**Exercise goal**
Excluding pictures, retype exactly the lines from the one with "VIDAXL Tete de" through the end of the records that follow.

**Data extracts**
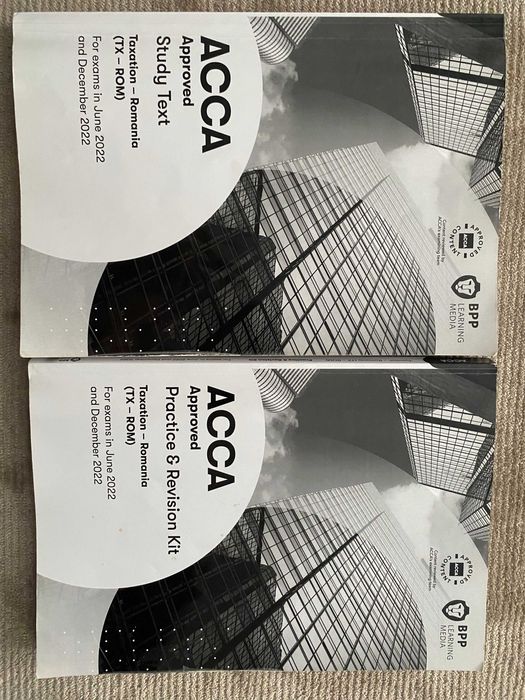 Vand Manuale ACCA - Romanian Taxation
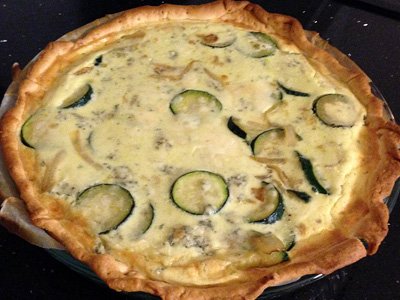 Quiche de calabacín. Parte 6 Quiche de calabacín. Parte 6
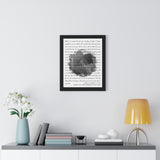Lyrics -- Kris &Andrea 4.3.21 -- Black framed 16x20 -- Printify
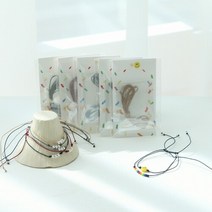 [갓샵]꽃비즈 실팔찌 소원 매듭 팔찌 만들기 세트 DIY 키트 시즌2 [실 우정 스마일 커플 끈 재료]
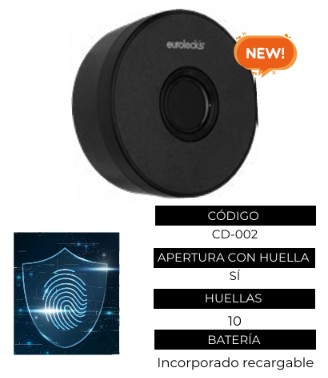 Cerrojo digital para muebles con huella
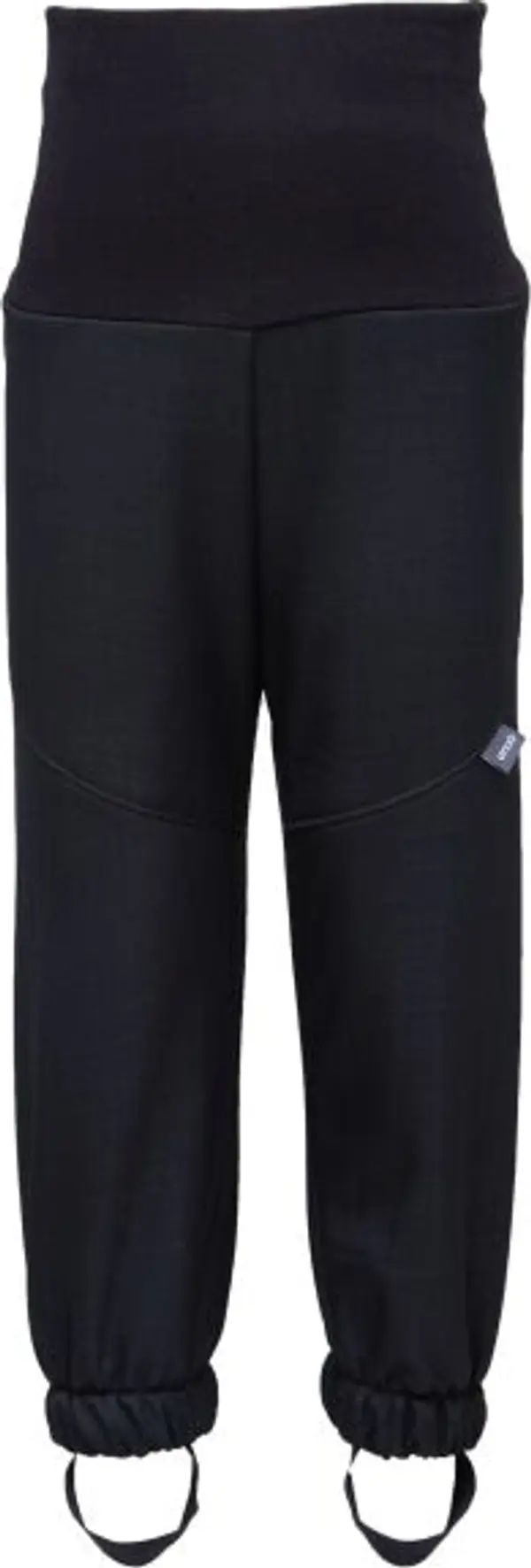 UNUO UNUO LIGHT Детски софтшел панталон, черно, размер 80-86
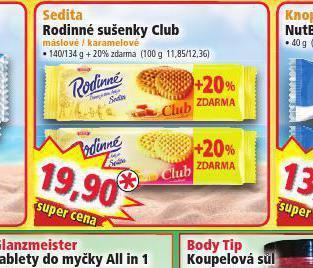Norma Sedita rodinné sušenky club nabídka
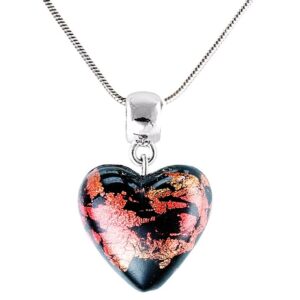 Lampglas Romantický náhrdelník Passionate Heart s 24karátovým zlatem v perle Lampglas NLH30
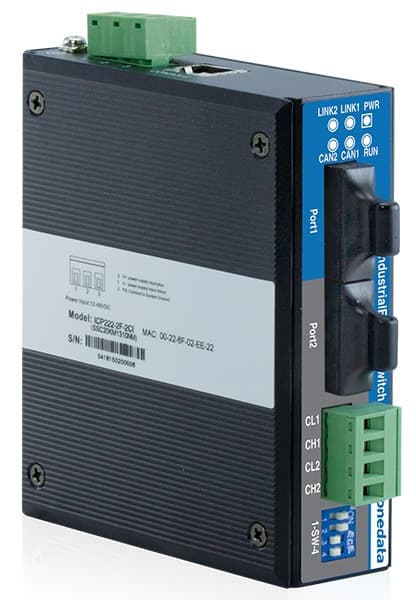 ICP222-2F-2CI DIN-Rail Mounting 2-CAN Server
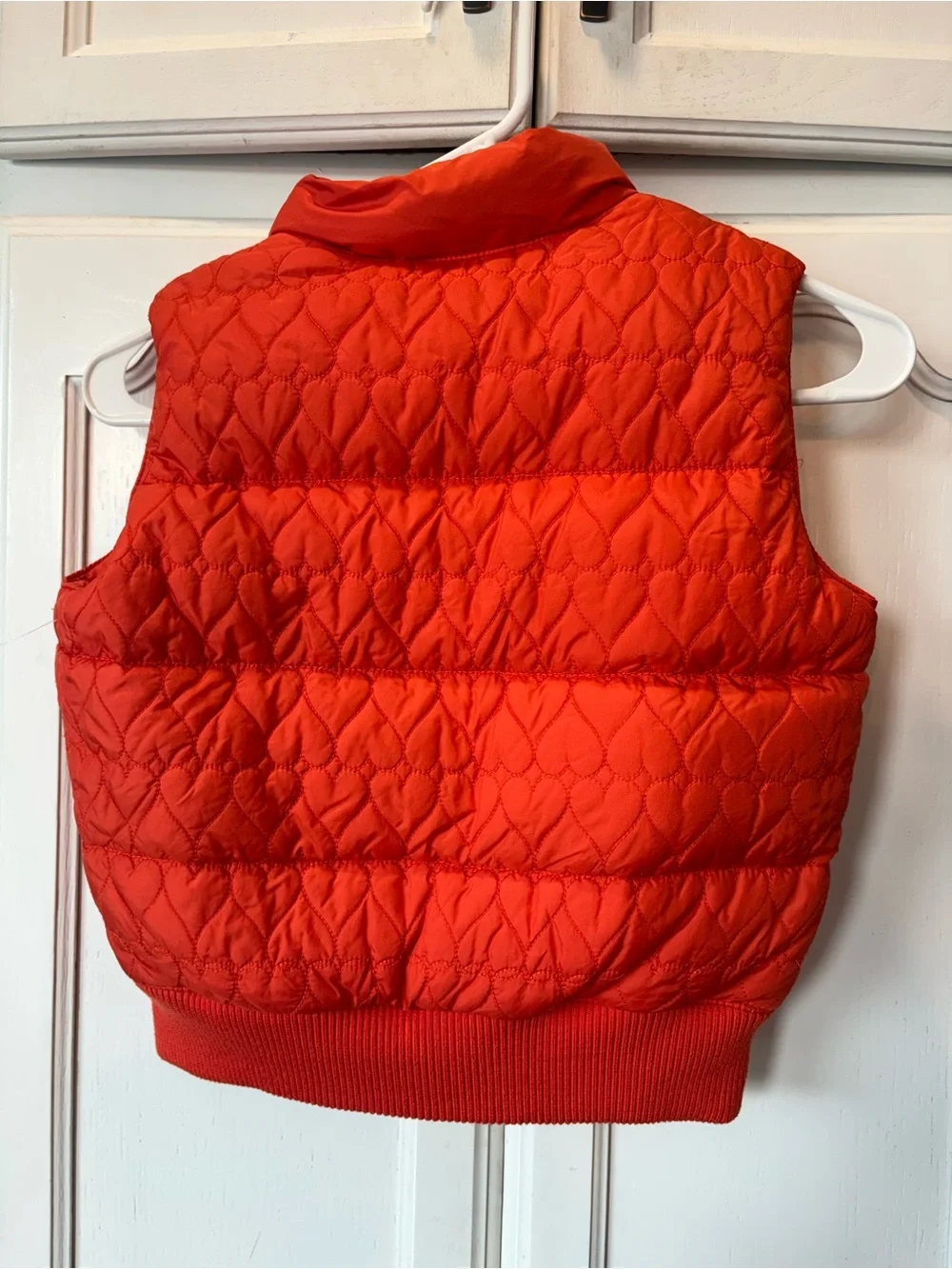 Lucky Brand Girls Red Puffer Vest with Heart Patch
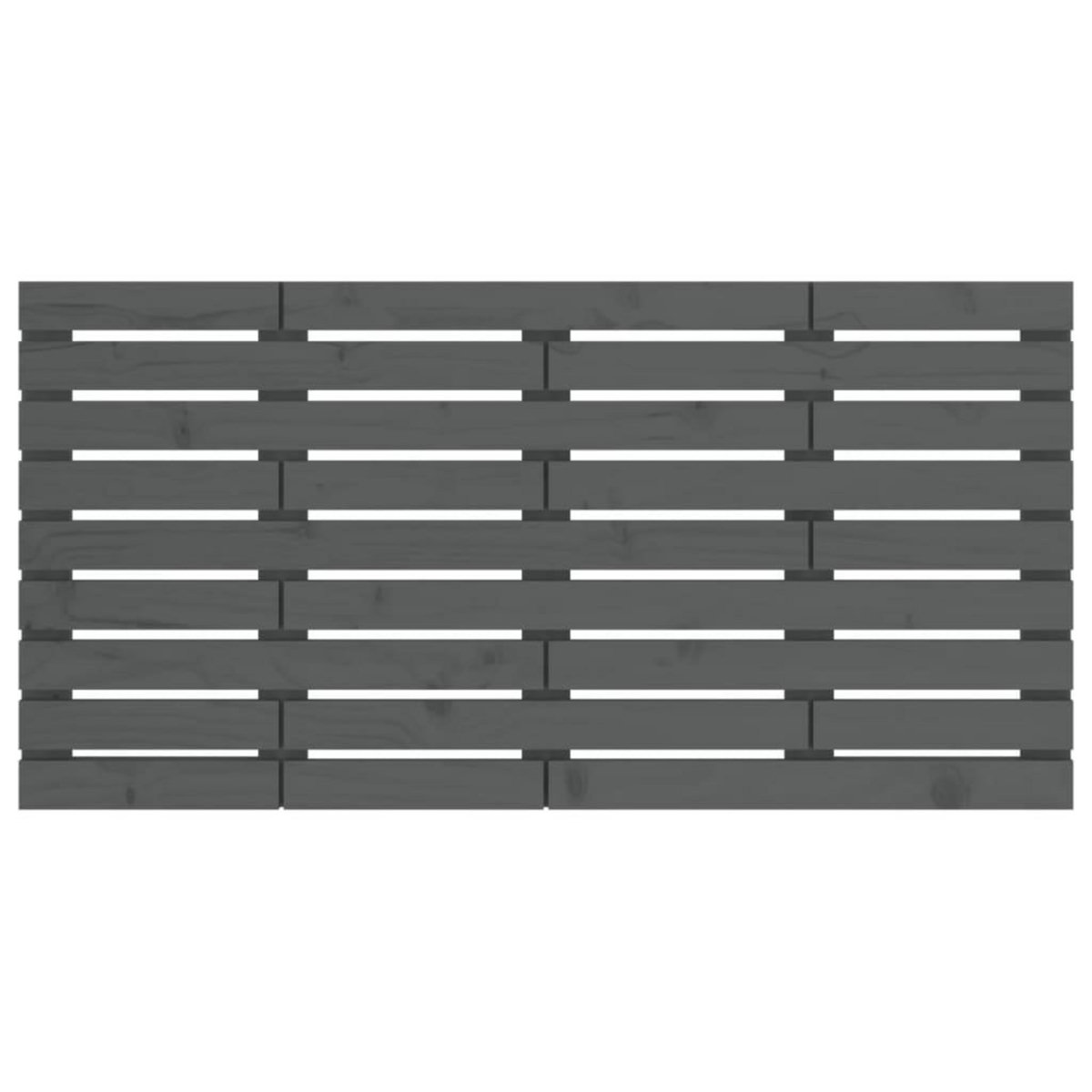 VIDAXL Tete de lit murale Gris 146x3x63 cm Bois massif de pin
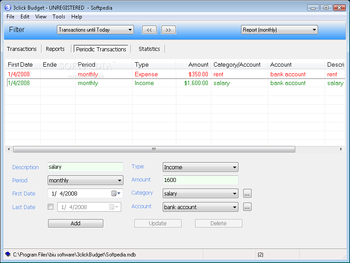 3clickBudget screenshot 2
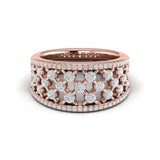 Diamond Open Weave Ring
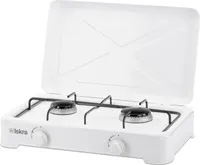 Iskra Gaskocher Camping, 2 flammig mit Deckel, 3,5W, ohne Gaskartusche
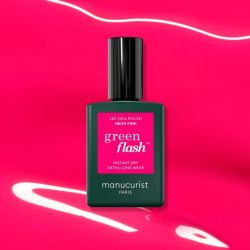 Manucurist Green Flash Vernis semi-permanent Neon Pink - 15 ml
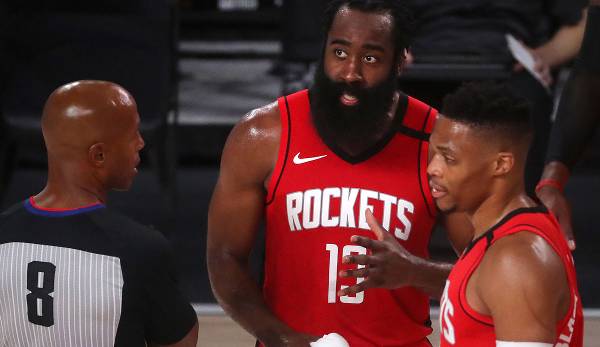 James Harden und Russell Westbrook wollen die Houston Rockets offenbar verlassen.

**Exercise response**
 VIDAXL Tete de lit murale Gris 146x3x63 cm Bois massif de pin
 3clickBudget screenshot 2
 Diamond Open Weave Ring
 Iskra Gaskocher Camping, 2 flammig mit Deckel, 3,5W, ohne Gaskartusche
 Manucurist Green Flash Vernis semi-permanent Neon Pink - 15 ml
 James Harden und Russell Westbrook wollen die Houston Rockets offenbar verlassen.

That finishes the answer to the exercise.